Klagegründe und wesentliche Argumente
Die Kommission hat am 26. September 2024 den Gerichtshof angerufen und beantragt, festzustellen, dass die Italienische Republik dadurch, dass sie in das Decreto legislativo Nr. 230 vom 29. Dezember 2021 "Istituzione dell'assegno unico e universale per figli a carico" (Einführung einer einheitlichen, allgemeinen Beihilfe für unterhaltsberechtigte Kinder) (im Folgenden: einheitliche Beihilfe) das Erfordernis des Wohnsitzes eingeführt hat, gegen ihre Verpflichtungen aus Art. 45 AEUV, Art. 4, 7 und 67 der Verordnung Nr. 883/2004 und Art. 7 Abs. 2 der Verordnung Nr. 492/2011 verstoßen hat.
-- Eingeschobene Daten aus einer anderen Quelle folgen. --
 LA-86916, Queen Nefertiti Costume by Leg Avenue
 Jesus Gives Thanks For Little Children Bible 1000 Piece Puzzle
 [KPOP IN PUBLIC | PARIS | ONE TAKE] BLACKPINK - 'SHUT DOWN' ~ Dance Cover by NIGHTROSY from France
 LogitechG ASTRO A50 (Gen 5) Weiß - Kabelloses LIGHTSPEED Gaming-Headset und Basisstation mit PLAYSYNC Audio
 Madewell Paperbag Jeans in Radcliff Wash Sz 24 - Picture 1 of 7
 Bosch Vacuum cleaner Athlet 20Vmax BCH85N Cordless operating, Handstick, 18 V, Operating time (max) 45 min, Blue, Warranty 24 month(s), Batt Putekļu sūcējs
Sie macht geltend, dass die einheitliche Beihilfe eine Familienleistung im Sinne von Art. 3 Abs. 1 Buchst. j in Verbindung mit Art. 1 Buchst. z der Verordnung Nr. 883/2004 und gleichzeitig auch eine steuerliche Vergünstigung im Sinne von Art. 7 Abs. 2 der Verordnung Nr. 492/2011 darstelle. Da sie in den Geltungsbereich der genannten Verordnungen falle, müsse die einheitliche Beihilfe innerhalb der Union im Sinne der Art. 7 und 67 der Verordnung Nr. 883/2004 "ausgeführt" und im Sinne von Art. 4 der Verordnung Nr. 883/2004 und Art. 7 Abs. 2 der Verordnung Nr. 492/2011 ohne Diskriminierung gewährt werden können. Die letztgenannten Vorschriften stellten nämlich beide eine Ausprägung des Grundsatzes der Gleichbehandlung gemäß Art. 45 AEUV (Freizügigkeit der Arbeitnehmer) im Bereich der Beschäftigungsbedingungen dar.
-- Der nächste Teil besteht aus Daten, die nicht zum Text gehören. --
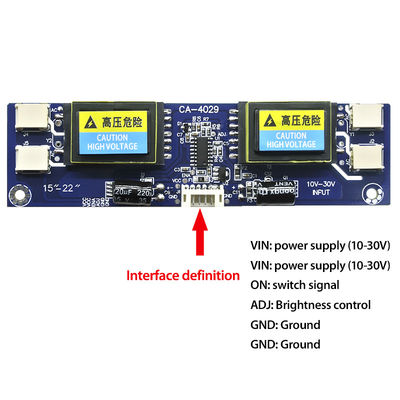 CA-4029 4 Lampy Inwerter Board LED Backlight Płyty sterowania 15-22 cali Dla monitorów PC AVT4029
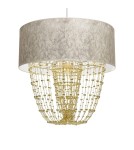 Lampy wiszące - Milagro Lampa wisząca ALMERIA WHITE/GOLD 1xE27 MLP6447 - product 4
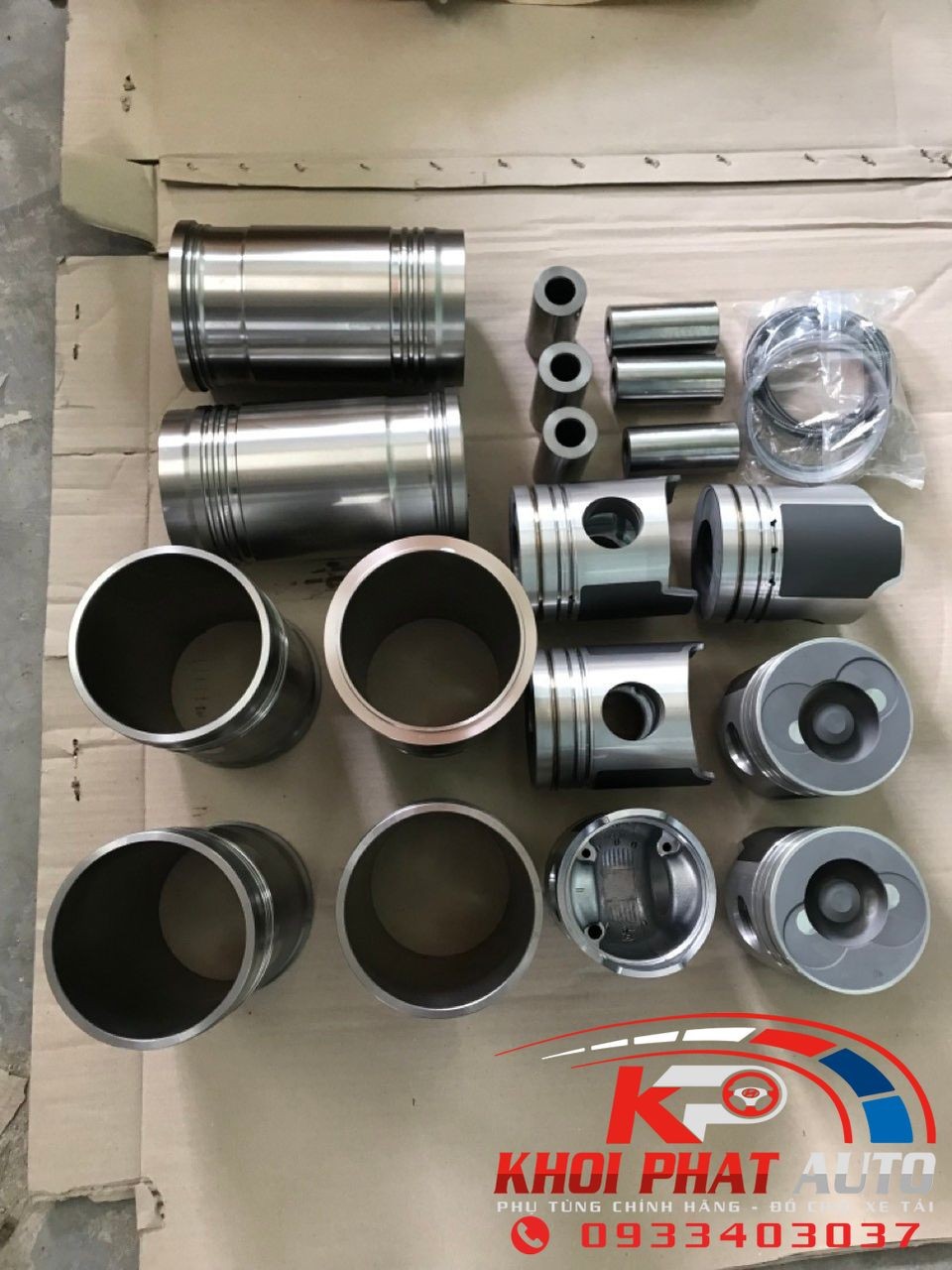 Bộ bạc piston xe tải Hyundai HD series chính hãng - Hình ảnh chi tiết bộ phận séc măng, piston và xi lanh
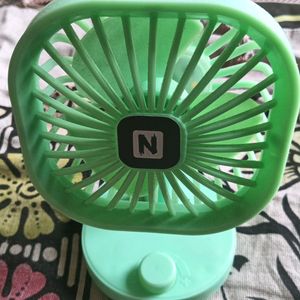 Cute Mini Rechargeable Fan With Light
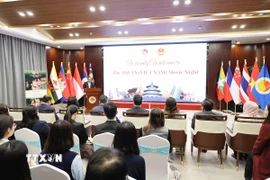 Hoạt động “Đêm phim Việt Nam” tại Bắc Kinh, Trung Quốc. (Ảnh: Công Tuyên/TTXVN)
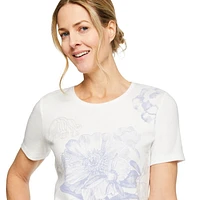 Haut en tricot interlock Iyla pour femmes Tailles P-TTG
Die Gewährung der einheitlichen Beihilfe in Italien setze jedoch einen Wohnsitz in Italien voraus. Bei Personen, die in Italien Einkommen erzielten, aber ihren Wohnsitz nicht oder nicht seit mindestens zwei Jahren in Italien hätten (oder keinen Arbeitsvertrag von einer Dauer von mindestens sechs Monaten hätten) oder im Sinne von Art. 3 Abs. 1 Buchst. c und d des Decreto legislativo Nr. 230/2021 ihren Wohnsitz in Italien hätten, ohne dass ihre Kinder dort ihren Wohnsitz hätten, verhindere eine solche Voraussetzung des Wohnsitzes die "Ausfuhr" der einheitlichen Beihilfe. Sie stelle insbesondere hinsichtlich der sozialen Vergünstigungen gleichzeitig auch eine mittelbare Diskriminierung aufgrund der Staatsangehörigkeit dar und sei daher nur zulässig, wenn mit ihr ein objektiv legitimes Ziel verfolgt werde und sie im Hinblick auf das verfolgte Ziel geeignet und verhältnismäßig sei, was die italienischen Behörden nachzuweisen hätten, aber nicht getan hätten.